----- Data extract
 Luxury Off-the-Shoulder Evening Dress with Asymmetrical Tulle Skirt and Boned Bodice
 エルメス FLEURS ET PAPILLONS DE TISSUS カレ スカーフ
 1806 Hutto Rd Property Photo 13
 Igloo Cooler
----------
----- Data extract
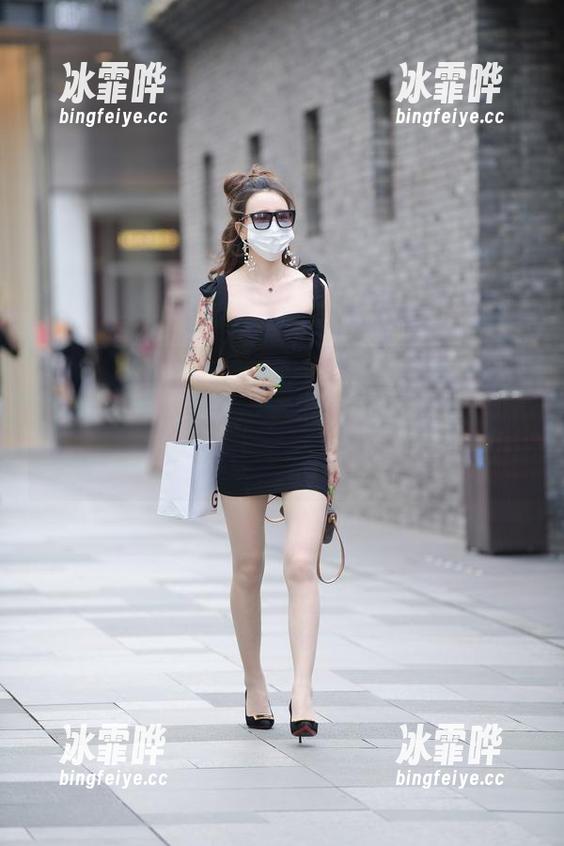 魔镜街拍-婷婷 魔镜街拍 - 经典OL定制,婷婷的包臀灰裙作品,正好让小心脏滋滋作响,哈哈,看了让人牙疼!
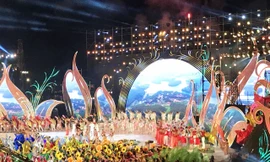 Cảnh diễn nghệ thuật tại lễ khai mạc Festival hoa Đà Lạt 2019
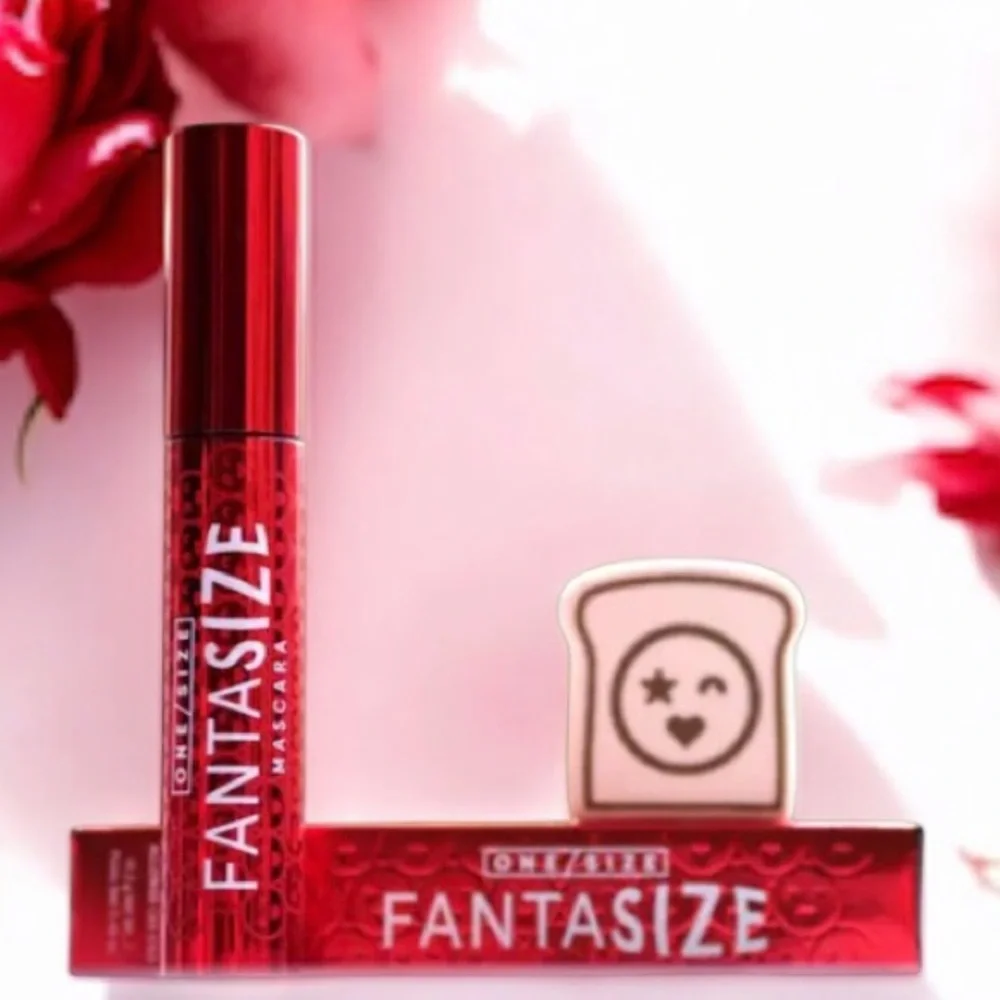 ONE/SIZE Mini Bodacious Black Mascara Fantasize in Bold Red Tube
----------
----- Data extract
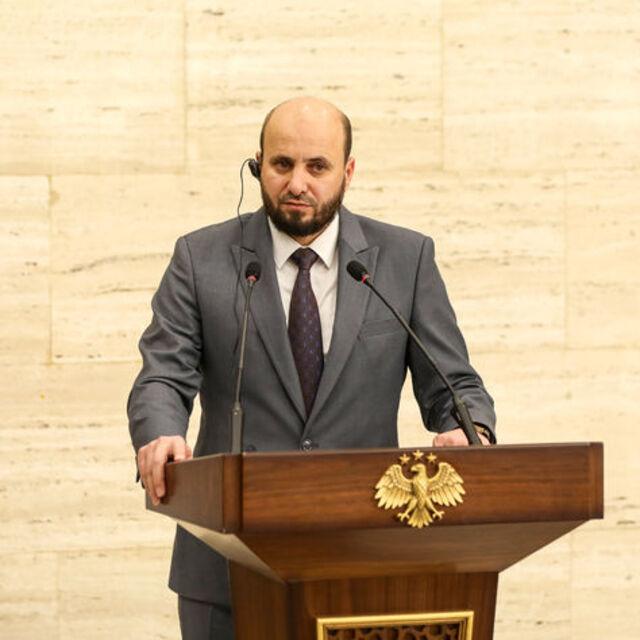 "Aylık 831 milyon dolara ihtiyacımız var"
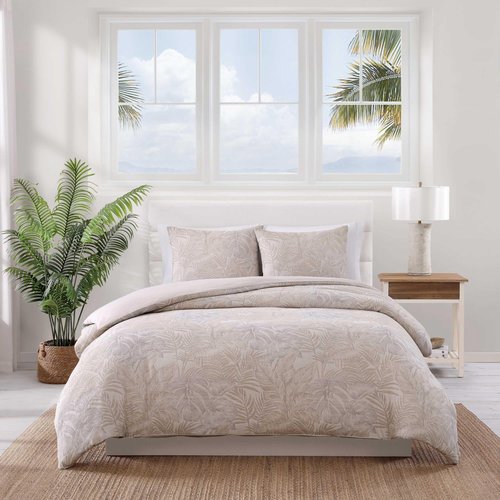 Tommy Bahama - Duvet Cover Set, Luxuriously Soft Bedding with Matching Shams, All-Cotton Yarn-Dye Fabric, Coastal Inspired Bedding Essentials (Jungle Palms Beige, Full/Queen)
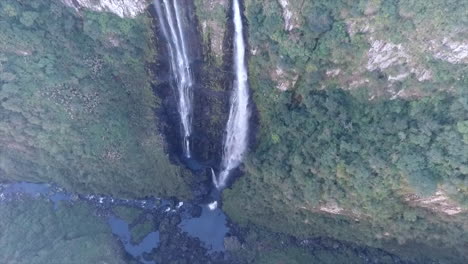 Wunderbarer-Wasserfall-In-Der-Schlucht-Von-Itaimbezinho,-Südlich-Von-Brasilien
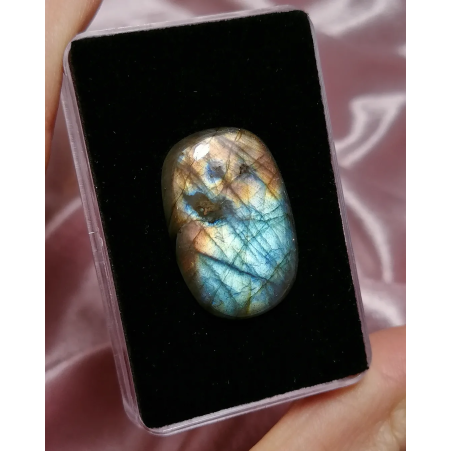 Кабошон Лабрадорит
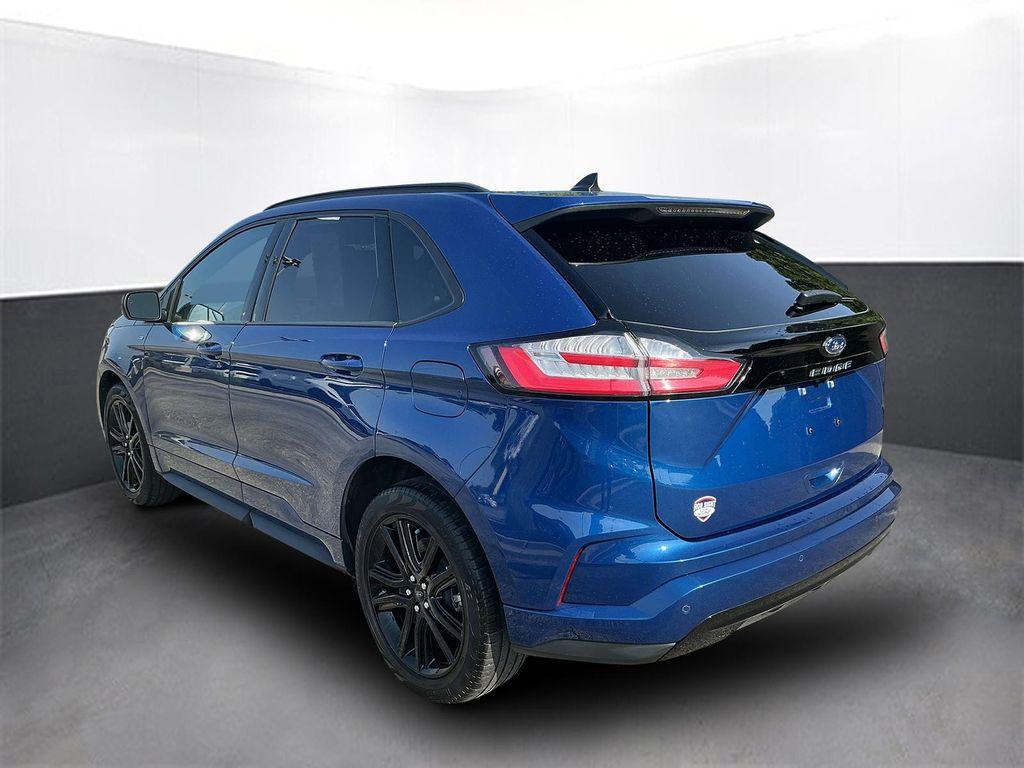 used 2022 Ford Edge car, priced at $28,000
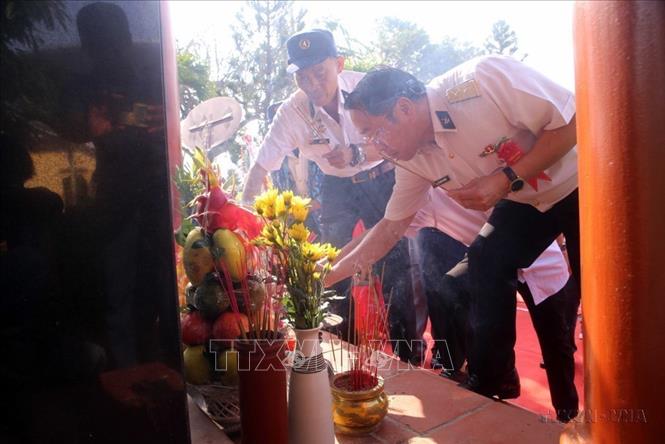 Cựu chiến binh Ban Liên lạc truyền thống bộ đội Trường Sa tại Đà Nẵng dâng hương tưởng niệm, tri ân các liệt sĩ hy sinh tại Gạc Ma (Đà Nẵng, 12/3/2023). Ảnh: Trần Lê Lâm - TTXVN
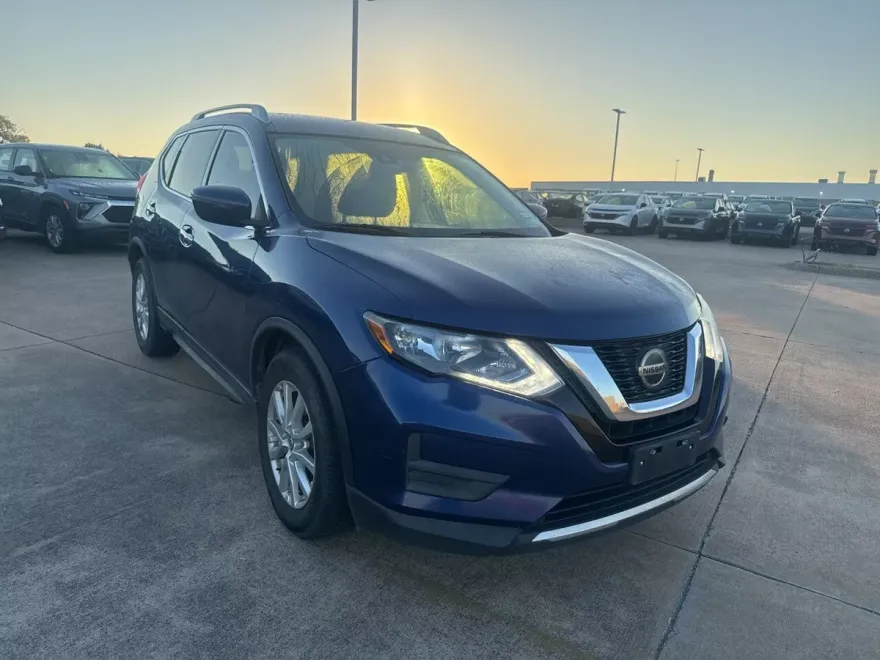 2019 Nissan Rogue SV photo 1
----------
Task prompt ::
Each line above that falls between the line with "831 milyon dolara" and the line with "2019 Nissan Rogue SV photo 1" should be printed exactly, together with those two lines, but the pictures should not.

Result below ::
 "Aylık 831 milyon dolara ihtiyacımız var"
 Tommy Bahama - Duvet Cover Set, Luxuriously Soft Bedding with Matching Shams, All-Cotton Yarn-Dye Fabric, Coastal Inspired Bedding Essentials (Jungle Palms Beige, Full/Queen)
 Wunderbarer-Wasserfall-In-Der-Schlucht-Von-Itaimbezinho,-Südlich-Von-Brasilien
 Кабошон Лабрадорит
 used 2022 Ford Edge car, priced at $28,000
 Cựu chiến binh Ban Liên lạc truyền thống bộ đội Trường Sa tại Đà Nẵng dâng hương tưởng niệm, tri ân các liệt sĩ hy sinh tại Gạc Ma (Đà Nẵng, 12/3/2023). Ảnh: Trần Lê Lâm - TTXVN
 2019 Nissan Rogue SV photo 1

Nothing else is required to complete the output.